Rektor Universitas Proklamasi 45 Jogjakarta, Benedictus Renny See menyampaikan kebijakan PT. Pertamina dalam mengadakan perjanjian jual beli (dengan Corpus Christi Liquefaction, LLC (CCL) adalah guna mengantisipasi ketersedian LNG untuk jangka panjang, dalam rangka ketahanan dan bauran energi yang harus dijaga dan menjadi tanggung jawab PT. Pertamina (Persero) sesuai dengan tugas dan wewenangnya.
“Dengan ditandatanganinya Sales Purchase Agreement (SPA) LNG 2015 antara PT. Pertamina (Persero) dengan Corpus Christi Liquefaction, LLC (CCL) yang secara langsung mengubah dan menggantikan SPA LNG 2013 dan SPA LNG 2014, maka tanggung jawab Galaila Karen Kardinah (Karen Agustiawan) selaku Direktur Utama PT Pertamina (Pesero) beralih kepada Dwi Soetjipto selaku Direktur Utama PT. Pertamina (Persero) periode 2014-2017. Dengan demikian, apabila dalam perjalanannya yaitu pada 2020 dan 2021 terjadi kerugian, maka sudah bukan menjadi tanggung jawab Galaila Karen Kardinah (Karen Agustiawan),” kata Benedictus di PN Jakarta Pusat pada Senin, 13 Mei 2024.
Ia pun menjelaskan, perhitungan adanya kerugian keuangan negara yang disampaikan oleh BPK berubah-ubah angkanya, itu merupakan indikasi bahwa apa yang disampaikan oleh BPK tentang angka kerugian PT. Pertamina akibat adanya Sales and Purchase Agreement (SPA) LNG 2015 sebesar USD113,389,186.60 tidak akurat.
Sebab, proses SPA LNG 2015 adalah perjanjian jual dan pembelian jangka panjang selama 20 tahun hingga 2040 yang harganya akan selalu berubah tergantung kondisi pasar, geopolitik, bencana alam, pandemi, kondisi domestik dan lain-lain, bisa untung bisa rugi.
“Bahwa apa yang menjadi dasar surat dakwaan Jaksa Penuntut Umum (JPU) kepada Karen Agustiawan melakukan perbuatan memperkaya diri sendiri atau orang lain atau suatu korporasi adalah tidak terbukti,” kata dia.
Dalam kesempatan yang sama, Ketua Umum PKKEI Syamsul Bachri menilai, kasus hukum terhadap Karen Agustiawan sangat rumit.
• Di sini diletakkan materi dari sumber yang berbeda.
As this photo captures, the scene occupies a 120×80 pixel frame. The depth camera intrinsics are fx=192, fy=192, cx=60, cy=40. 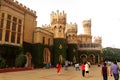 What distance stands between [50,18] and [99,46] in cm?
2190

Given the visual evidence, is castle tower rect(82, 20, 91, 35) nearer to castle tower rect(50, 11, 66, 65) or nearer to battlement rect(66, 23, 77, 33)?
battlement rect(66, 23, 77, 33)

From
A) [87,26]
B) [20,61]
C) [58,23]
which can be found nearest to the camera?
[20,61]

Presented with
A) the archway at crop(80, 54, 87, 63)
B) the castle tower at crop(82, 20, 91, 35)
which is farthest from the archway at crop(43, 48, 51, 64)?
the castle tower at crop(82, 20, 91, 35)

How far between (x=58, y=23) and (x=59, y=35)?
284 centimetres

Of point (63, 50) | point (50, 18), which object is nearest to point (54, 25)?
point (50, 18)

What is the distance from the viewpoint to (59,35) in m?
42.7

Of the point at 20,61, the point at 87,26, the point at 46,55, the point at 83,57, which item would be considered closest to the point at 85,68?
the point at 20,61

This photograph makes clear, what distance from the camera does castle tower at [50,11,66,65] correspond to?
136ft

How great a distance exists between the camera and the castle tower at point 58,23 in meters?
42.8

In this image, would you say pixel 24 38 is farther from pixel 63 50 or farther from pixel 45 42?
pixel 63 50

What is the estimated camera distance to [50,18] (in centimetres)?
4591

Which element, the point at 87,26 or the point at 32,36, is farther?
the point at 87,26

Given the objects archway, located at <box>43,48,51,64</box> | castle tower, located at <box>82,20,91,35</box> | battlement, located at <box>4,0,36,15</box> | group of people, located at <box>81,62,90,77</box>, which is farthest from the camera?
castle tower, located at <box>82,20,91,35</box>

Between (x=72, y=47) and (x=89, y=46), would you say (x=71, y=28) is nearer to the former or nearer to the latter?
(x=72, y=47) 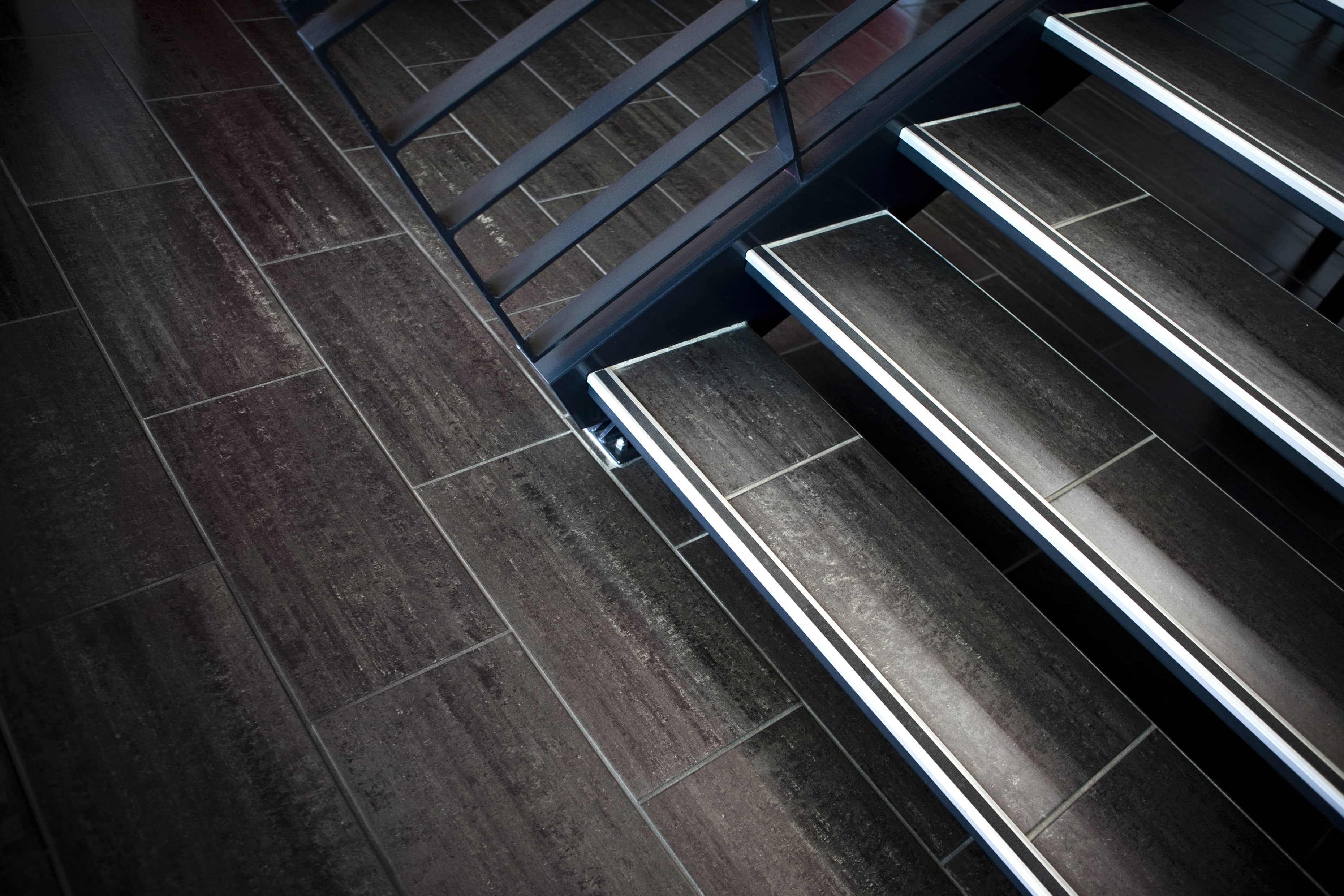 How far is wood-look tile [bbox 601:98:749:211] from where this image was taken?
2.57 m

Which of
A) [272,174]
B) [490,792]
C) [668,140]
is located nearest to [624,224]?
[668,140]

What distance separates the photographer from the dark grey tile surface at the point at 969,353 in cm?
147

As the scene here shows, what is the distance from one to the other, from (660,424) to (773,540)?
297 mm

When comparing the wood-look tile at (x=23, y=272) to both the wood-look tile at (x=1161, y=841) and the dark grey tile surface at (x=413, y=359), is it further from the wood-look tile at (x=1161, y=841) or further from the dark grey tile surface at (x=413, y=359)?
the wood-look tile at (x=1161, y=841)

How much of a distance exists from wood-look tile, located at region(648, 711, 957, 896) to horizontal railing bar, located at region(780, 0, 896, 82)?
107 cm

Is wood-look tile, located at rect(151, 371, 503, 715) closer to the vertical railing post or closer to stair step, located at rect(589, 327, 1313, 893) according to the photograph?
stair step, located at rect(589, 327, 1313, 893)

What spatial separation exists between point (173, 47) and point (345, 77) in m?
0.51

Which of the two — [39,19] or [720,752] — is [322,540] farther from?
[39,19]

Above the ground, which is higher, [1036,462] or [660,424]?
[1036,462]

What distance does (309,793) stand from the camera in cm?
137

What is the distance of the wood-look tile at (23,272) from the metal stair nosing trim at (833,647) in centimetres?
112

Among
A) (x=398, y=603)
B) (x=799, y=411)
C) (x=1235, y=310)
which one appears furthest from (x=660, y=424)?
(x=1235, y=310)

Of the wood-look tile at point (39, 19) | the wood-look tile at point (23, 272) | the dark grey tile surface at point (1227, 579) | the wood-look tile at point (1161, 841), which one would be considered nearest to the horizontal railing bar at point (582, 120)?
the dark grey tile surface at point (1227, 579)

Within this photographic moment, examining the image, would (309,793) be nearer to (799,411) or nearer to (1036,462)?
(799,411) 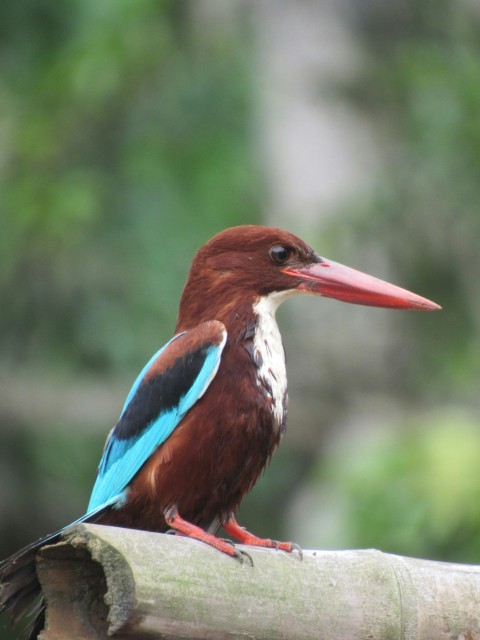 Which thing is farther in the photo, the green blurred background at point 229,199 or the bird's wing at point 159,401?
the green blurred background at point 229,199

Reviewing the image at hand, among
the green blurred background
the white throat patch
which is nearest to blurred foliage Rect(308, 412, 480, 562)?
the green blurred background

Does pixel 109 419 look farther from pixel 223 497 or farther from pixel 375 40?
pixel 223 497

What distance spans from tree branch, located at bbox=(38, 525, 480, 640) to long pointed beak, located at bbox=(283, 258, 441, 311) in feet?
3.43

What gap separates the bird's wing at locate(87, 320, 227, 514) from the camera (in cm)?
324

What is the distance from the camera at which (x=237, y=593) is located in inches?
94.5

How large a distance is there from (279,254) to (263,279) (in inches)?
3.9

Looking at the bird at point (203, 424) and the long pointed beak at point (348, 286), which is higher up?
the long pointed beak at point (348, 286)

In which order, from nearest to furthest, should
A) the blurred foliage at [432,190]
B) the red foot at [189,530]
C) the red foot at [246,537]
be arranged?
the red foot at [189,530]
the red foot at [246,537]
the blurred foliage at [432,190]

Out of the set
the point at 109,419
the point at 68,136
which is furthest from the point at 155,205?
the point at 109,419

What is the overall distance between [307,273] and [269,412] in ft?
1.83

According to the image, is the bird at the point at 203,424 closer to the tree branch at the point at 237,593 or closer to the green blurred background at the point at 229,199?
the tree branch at the point at 237,593

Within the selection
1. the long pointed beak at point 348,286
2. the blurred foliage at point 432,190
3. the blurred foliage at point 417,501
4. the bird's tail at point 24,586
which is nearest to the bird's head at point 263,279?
the long pointed beak at point 348,286

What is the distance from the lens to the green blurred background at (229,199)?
7480 millimetres

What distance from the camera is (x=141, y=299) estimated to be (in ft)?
25.0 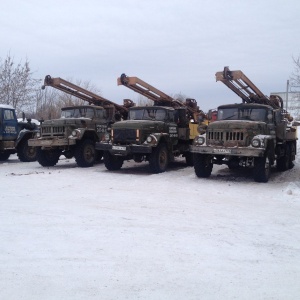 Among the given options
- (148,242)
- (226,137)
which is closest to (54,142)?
(226,137)

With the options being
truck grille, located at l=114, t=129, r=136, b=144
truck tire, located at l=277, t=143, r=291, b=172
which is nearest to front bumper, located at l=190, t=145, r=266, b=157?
truck grille, located at l=114, t=129, r=136, b=144

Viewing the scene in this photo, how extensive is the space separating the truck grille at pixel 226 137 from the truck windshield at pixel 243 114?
976mm

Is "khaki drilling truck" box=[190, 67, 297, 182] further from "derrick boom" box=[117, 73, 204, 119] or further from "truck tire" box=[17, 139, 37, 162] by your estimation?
"truck tire" box=[17, 139, 37, 162]

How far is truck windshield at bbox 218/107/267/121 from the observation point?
11.4m

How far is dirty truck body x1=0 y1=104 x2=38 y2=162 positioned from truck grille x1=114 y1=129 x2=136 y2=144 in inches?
188

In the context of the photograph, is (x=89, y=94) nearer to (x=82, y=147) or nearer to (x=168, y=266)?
(x=82, y=147)

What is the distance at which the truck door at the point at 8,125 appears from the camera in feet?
50.7

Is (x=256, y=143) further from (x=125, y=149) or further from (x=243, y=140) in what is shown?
(x=125, y=149)

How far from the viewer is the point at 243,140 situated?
1060 cm

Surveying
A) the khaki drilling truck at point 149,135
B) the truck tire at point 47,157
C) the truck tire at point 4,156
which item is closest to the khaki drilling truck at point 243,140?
the khaki drilling truck at point 149,135

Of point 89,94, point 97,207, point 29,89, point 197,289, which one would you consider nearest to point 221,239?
point 197,289

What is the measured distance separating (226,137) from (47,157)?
6.65 meters

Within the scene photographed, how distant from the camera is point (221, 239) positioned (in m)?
5.43

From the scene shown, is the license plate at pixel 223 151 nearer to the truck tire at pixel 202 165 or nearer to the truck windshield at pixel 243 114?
the truck tire at pixel 202 165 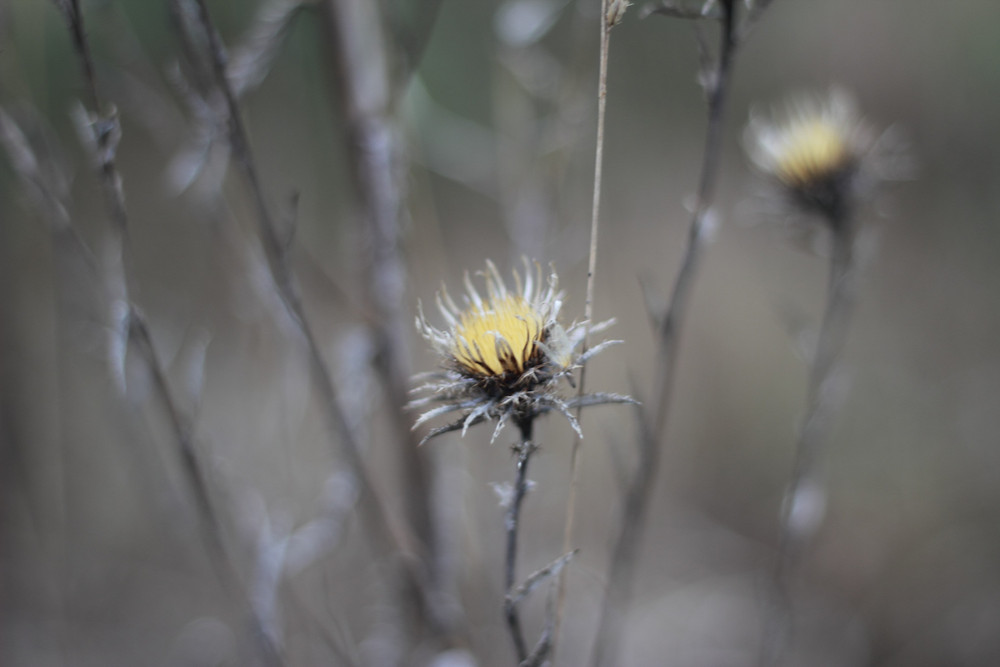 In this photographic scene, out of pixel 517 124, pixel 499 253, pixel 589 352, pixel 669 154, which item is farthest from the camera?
pixel 499 253

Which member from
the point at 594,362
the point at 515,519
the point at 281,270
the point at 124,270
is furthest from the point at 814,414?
the point at 594,362

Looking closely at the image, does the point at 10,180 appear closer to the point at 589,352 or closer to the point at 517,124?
the point at 517,124

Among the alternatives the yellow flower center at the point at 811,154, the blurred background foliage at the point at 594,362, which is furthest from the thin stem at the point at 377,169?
the yellow flower center at the point at 811,154

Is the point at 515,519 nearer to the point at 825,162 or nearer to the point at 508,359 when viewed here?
the point at 508,359

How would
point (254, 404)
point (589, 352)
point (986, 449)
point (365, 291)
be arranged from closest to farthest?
point (589, 352), point (365, 291), point (986, 449), point (254, 404)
Karena memerlukan pengetahuan dan pengalaman yang cukup terkait pemahaman kebijakan atau penugasan pemerintah terkait aksi bisnis korporasi, tata-kelola BUMN, dan kelaziman bisnis LNG.
Karena itu, Syamsul berharap Majelis Hakim memahami dengan benar kasus itu secara utuh. Sehingga, bisa mengambil keputusan yang seadil-adilnya bahwa Direksi pada era Karen Agustiawan sudah menjalankan perintah jabatan dalam upaya mewujudkan ketahanan energi.
“Aksi korporasi Pengadaan LNG CCL yang dilakukan oleh Pertamina tahun 2013 dan 2014, berhasil memotret kondisi masa depan yang terjadi saat ini serta proyeksi kecukupan dan keterjangkauan harga gas 10 sampai 15 tahun ke depan,” pungkasnya.